Errors with punctuation in node body and titles

By jochenh on 9 Jan 2007 at 18:38 UTC

HI,

I am not quite sure how to explain this one but somehow the body text and in some cases the titles of my postings are seeing some strange punctuation. I believe this might have started to happen after upgrading from 4.69 to 4.74 but I am not 100% sure. Basically a title that used to be INDEX: LifeStraw - cleans dirty water anywhere is now suddenly INDEX: LifeStraw‚Ñ¢ cleans dirty water anywhere.

I checked out the database tables and the encoding for the node_revisions table is the same for both 4.69 and 4.74 so I really have no clue how this changed...

If anybody has any advice on what could be causing this I would appreciate it

thanks
- jochen

Comments

I believe this might have

cog.rusty commented 9 January 2007 at 19:53

I believe this might have started to happen after upgrading from 4.69 to 4.74 but I am not 100% sure.

Did you do this update recently?
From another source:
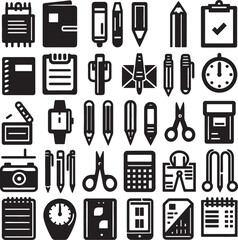 Obraz premium Stationery Supplies Collection: A comprehensive collection of essential stationery supplies and tools, illustrated with detailed outlines.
Did you run /update.php after replacing the files?

I checked out the database tables and the encoding for the node_revisions table is the same for both 4.69 and 4.74

What encoding is that and what is the collation?

Also,
- Did your MySQL version change lately (form 4.0 or earlier to 4.1 or newer)?
- Did you do any backup/restore lately?

I am having the same problem

dkruglyak commented 9 January 2007 at 22:39

I am having the same problem - on my upgrade test runs.
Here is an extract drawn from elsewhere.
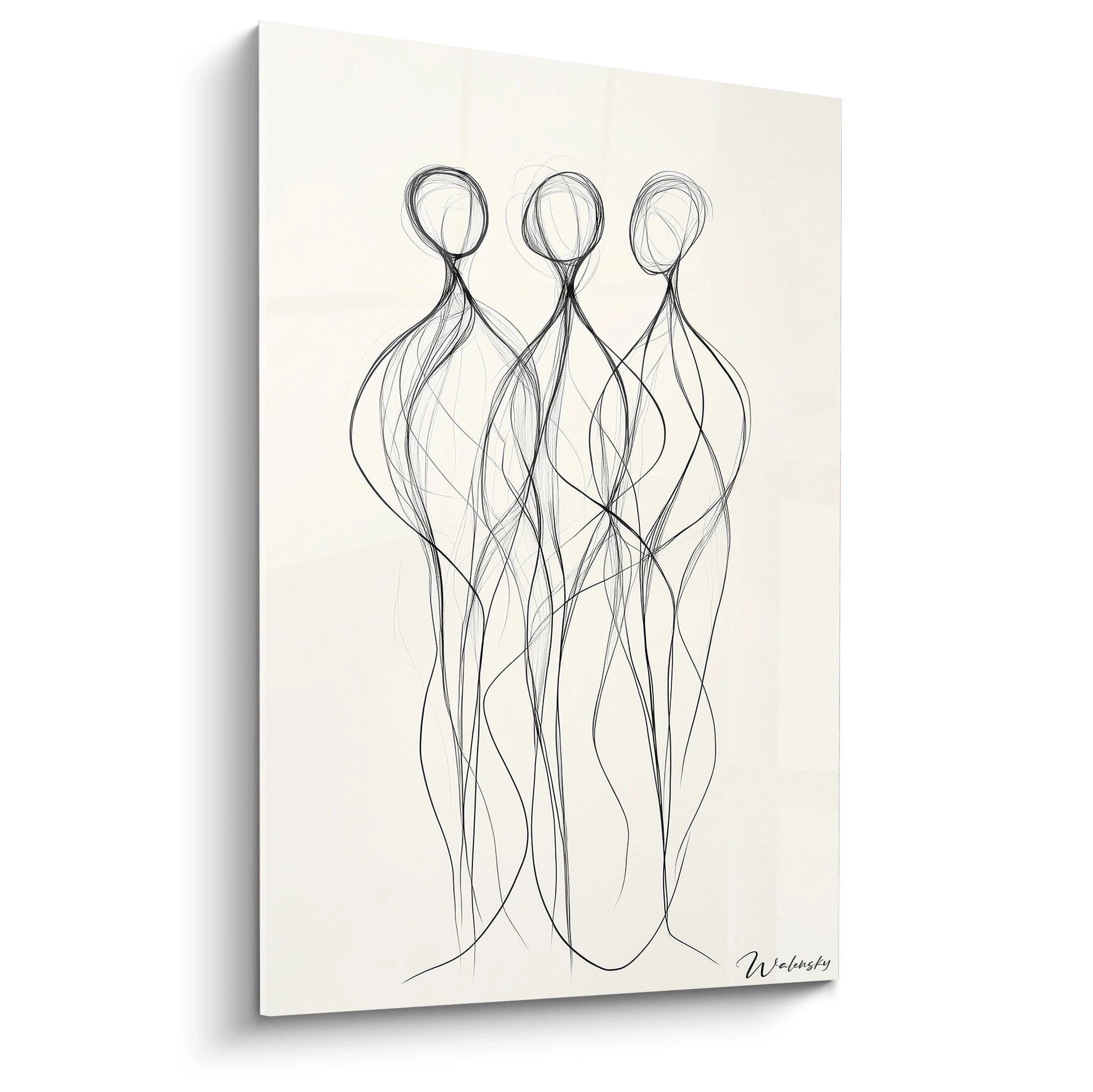 Un tableau figuratif abstrait illustrant trois silhouettes minimalistes en lignes noires sur un fond beige clair, avec des courbes fluides et des textures lisses.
No change in MySQL version (4.1 before and after), but yes I did backup / restore. Backed up original DB, created a test DB using restore and got this problem after running update on it.

Any suggestions ???

These appear to be Unicode

cog.rusty commented 9 January 2007 at 23:33

These appear to be Unicode multi-byte characters displayed as multiple non-Unicode single-byte characters. It could happen (for example)
- when editing your database dump with a text editor not capable of Unicode
- when moving data between databases with different default character set/collation settings
- when using different character set/collation settings for dumping and for loading the backup

If it not the first case above, check your database tables to see whether the character set is utf8 and the collation is utf8_general_ci.

Very strange...

dkruglyak commented 10 January 2007 at 07:15

Looked at my 4.6.9 database, the encoding was latin1 / latin1_swedish_ci (how did THAT happen?). When I run SELECT * FROM node I do see node titles encoded strangely.
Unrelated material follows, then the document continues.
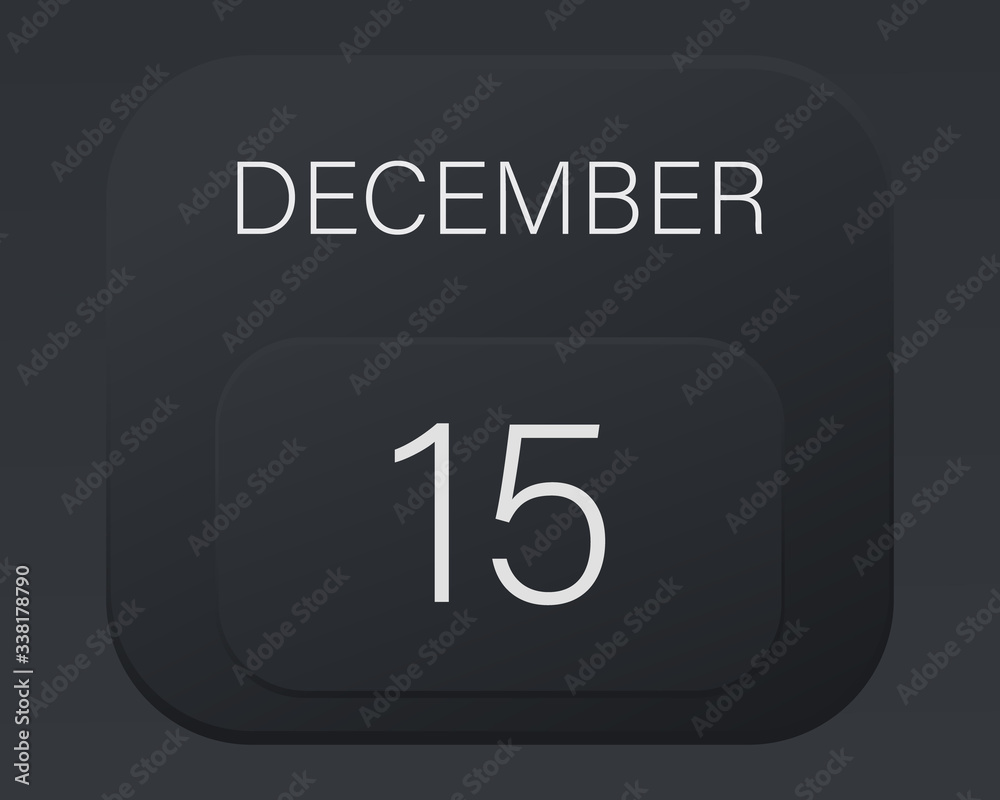 Design calendar 2021 year in trendy black style.Vector illustration symbol of a calendar.Stylish black gradient.Daily sign of the calendar for web site design,logo,app,UI/UX. Winter December Design calendar 2021 year in trendy black style.Vector illustration symbol of a calendar.Stylish black gradient.Daily sign of the calendar for web site design,logo,app,UI/UX. Winter December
Once conversion to 4.7.3 is complete encoding is utf8 / utf8_general_ci as you say is needed. Data looks the same on SELECT. I used backup / restore through webmin before running update.

Interestingly after changing collation on my 4.7.3 tables (using MySQL Admin) there are no changes to how Drupal displays data. I changed node and node_revision table (back to latin1) and still have weird chars in "Recent blog posts" block. Questions:

1) How should I change the backup procedure on final conversion ?

2) Can I do anything to fix my test conversion / upgrade DB?

Stranger still...

dkruglyak commented 10 January 2007 at 08:50

OK, I tried another conversion using mysqldump, as suggested here: http://drupal.org/node/108052

mysqldump --user myusername --password=mypassword opt nameofmydatabase > sql.dump
mysql -u myusername nameofmydatabase -p < path/to/database/dump

The problem is the same. Looks like the update.php converts latin1 into utf8 without fixing the special characters. Can I fix (convert?) the encoding before running update.php script?

Do I have UTF-8 text stored in latin1 tables?

dkruglyak commented 10 January 2007 at 09:58

To be sure I understand, when I created my Drupal 4.6 DB on latin1 database, it got populated (by Drupal 4.6 operation) with text that is UTF encoded and this is source of the problem during upgrade?

I found a solution for converting the data (http://drupal.org/node/105151), but looks like it is being debated whether it is a good one. Who is right? Anyone can help?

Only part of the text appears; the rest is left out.